In all cases and with respect to any statement the important emphasis is on the word "similar". Even if something factors 1% better i would not consider that similar.

 2013-09-10, 01:29 #9 Jeff Gilchrist     Jun 2003 Ottawa, Canada 3×17×23 Posts I just finished both exponents with LLR and they also show as PRP: Code: (2^13347311+1)/3 is Vrba-Reix PRP! Time : 56958.781 sec. (2^13372531+1)/3 is Vrba-Reix PRP! Time : 57032.491 sec. Good find.
2013-09-10, 01:46   #10
ryanp

Jun 2012
Boulder, CO

6168 Posts

Quote:
 Originally Posted by diep Jeff Gilchrist did do lately really a lot of work. Interesting is to know what range was checked and what TF was done to find these 2 and whether a similar algorithm was used that was used to find some of the largest Mersennes past few years, prioritizing which exponent to use based upon factorisation of N+1 and N-1 of the exponent.
Yes, I am indebted to Jeff's prior work here as well. For my part, I started with the first 25,000 prime exponents from each of q=10e6, 11e6, 12e6 and 13e6. A large fraction of these were weeded out by a very basic program I wrote to do simple trial factoring up to d=1000, then many more by PFGW's own trial factoring.
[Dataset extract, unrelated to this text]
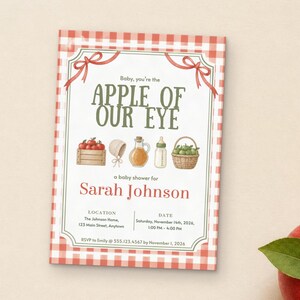 May include: A rectangular baby shower invitation with a red and white gingham border. The text reads Baby, you're the APPLE OF OUR EYE, a baby shower for Sarah Johnson, with location, date, and RSVP details. Illustrations include apples, a bonnet, a bottle, and a basket.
I'll have to do a bit of work to determine exactly how many exponents were fully tested by PFGW.

 2013-09-10, 02:25 #11 Batalov     "Serge" Mar 2008 Phi(4,2^7658614+1)/2 268716 Posts Note that for the pfgw trial factoring you would want to use something like this command line: pfgw -f{13372607*2,1} -q(2^13372607+1)/3 (2^13372607+1)/3 has factors: 50253508240009 (this will only look for factors of form 2*p*k+1) Compare the running time of the above to this: pfgw -f -q(2^13372607+1)/3 ____________________________________ P.S. The Vrba-Reix tests and some LLR and PFGW tests in a bunch of bases on the same two exponents are almost done here, too.